RECORDED DATA -
---

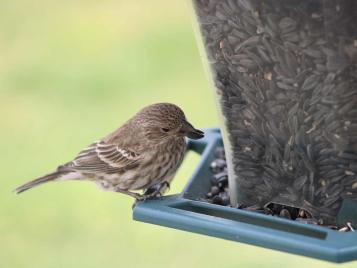 Bird eating sunflower seeds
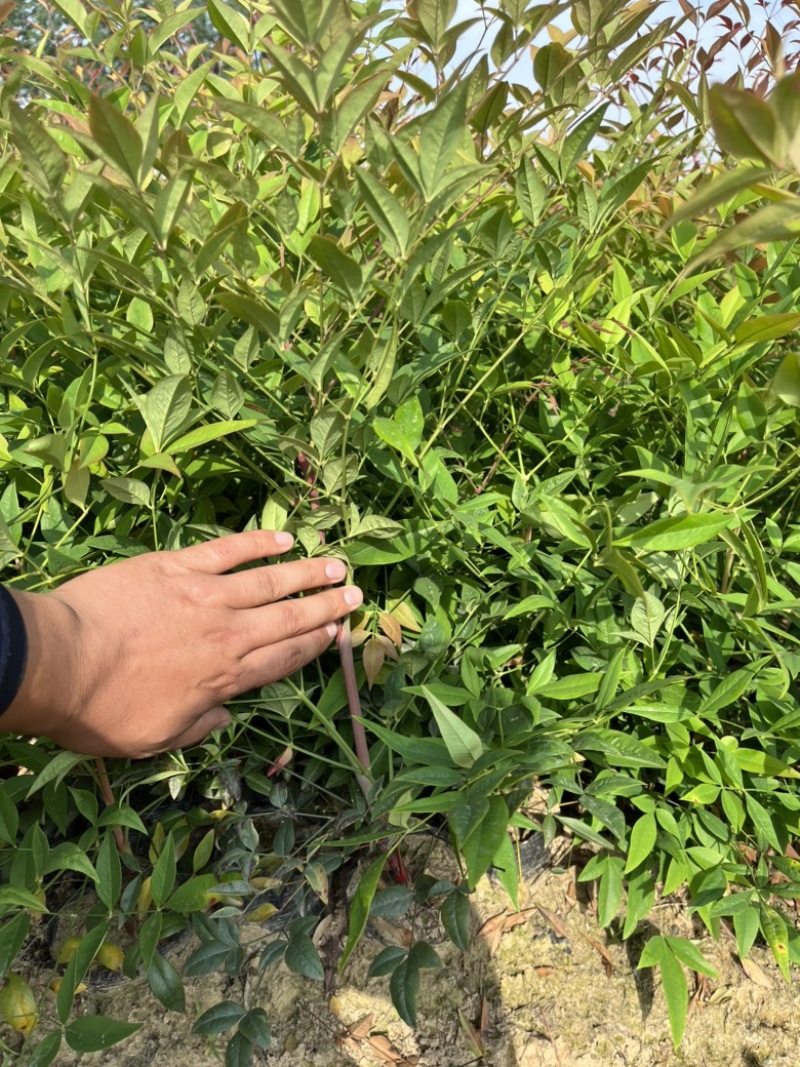 南天竹大杯苗基地自产自销货源充足常在供应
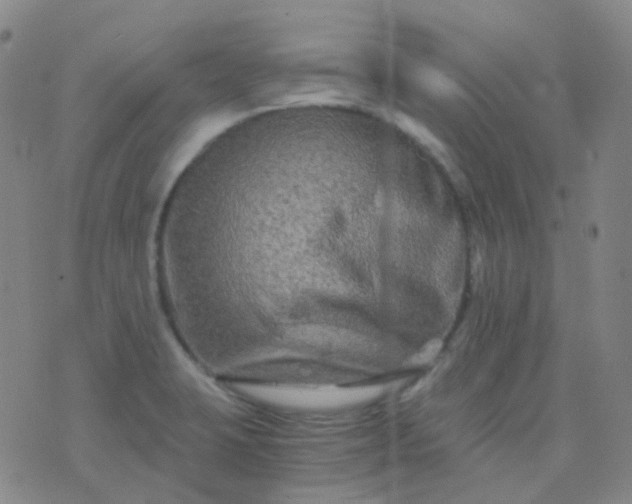 X0000076451423200610202323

---

REQUIRED WORK -
With the pictures omitted, print each line of the data above precisely as given.

TASK SOLUTION -
 Bird eating sunflower seeds
 南天竹大杯苗基地自产自销货源充足常在供应
 X0000076451423200610202323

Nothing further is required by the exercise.